Work instruction:
Search the records below for the word "background" and show every line where it occurs.

Recorded data:
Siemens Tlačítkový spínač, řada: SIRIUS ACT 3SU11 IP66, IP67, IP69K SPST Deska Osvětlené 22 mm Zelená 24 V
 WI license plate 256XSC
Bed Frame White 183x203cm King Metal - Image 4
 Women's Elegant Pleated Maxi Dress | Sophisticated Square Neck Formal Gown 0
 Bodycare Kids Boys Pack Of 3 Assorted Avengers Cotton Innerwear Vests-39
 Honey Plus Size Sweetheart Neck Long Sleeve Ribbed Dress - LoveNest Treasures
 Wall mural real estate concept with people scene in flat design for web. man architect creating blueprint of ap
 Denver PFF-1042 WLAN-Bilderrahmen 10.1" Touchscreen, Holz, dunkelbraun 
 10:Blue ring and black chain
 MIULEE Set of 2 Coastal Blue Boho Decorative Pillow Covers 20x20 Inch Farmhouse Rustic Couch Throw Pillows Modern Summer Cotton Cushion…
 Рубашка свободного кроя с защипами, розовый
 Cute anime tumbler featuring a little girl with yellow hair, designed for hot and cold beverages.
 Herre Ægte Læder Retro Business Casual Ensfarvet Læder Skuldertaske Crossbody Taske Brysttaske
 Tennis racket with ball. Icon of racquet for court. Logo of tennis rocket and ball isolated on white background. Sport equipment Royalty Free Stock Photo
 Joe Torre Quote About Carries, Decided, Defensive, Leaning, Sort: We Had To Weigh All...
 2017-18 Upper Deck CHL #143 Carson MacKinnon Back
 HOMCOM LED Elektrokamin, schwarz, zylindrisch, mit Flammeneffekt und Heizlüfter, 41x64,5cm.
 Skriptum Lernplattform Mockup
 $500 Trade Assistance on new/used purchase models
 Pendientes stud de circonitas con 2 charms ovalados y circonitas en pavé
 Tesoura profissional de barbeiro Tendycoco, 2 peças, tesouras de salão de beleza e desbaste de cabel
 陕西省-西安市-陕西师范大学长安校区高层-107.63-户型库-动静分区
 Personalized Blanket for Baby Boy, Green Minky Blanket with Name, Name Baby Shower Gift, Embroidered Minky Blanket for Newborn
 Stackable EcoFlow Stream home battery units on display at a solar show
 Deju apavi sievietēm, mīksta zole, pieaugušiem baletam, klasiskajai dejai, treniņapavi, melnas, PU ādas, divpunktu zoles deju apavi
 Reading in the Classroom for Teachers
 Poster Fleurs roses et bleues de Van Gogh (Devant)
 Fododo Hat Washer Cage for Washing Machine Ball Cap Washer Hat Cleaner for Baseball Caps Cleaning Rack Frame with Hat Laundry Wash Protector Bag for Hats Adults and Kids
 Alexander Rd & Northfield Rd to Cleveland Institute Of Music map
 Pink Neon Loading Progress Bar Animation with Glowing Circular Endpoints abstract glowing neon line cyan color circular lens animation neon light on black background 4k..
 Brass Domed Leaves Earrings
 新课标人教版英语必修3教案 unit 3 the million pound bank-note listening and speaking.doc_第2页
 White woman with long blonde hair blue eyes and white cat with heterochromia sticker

Result:
 Tennis racket with ball. Icon of racquet for court. Logo of tennis rocket and ball isolated on white background. Sport equipment Royalty Free Stock Photo
 Pink Neon Loading Progress Bar Animation with Glowing Circular Endpoints abstract glowing neon line cyan color circular lens animation neon light on black background 4k..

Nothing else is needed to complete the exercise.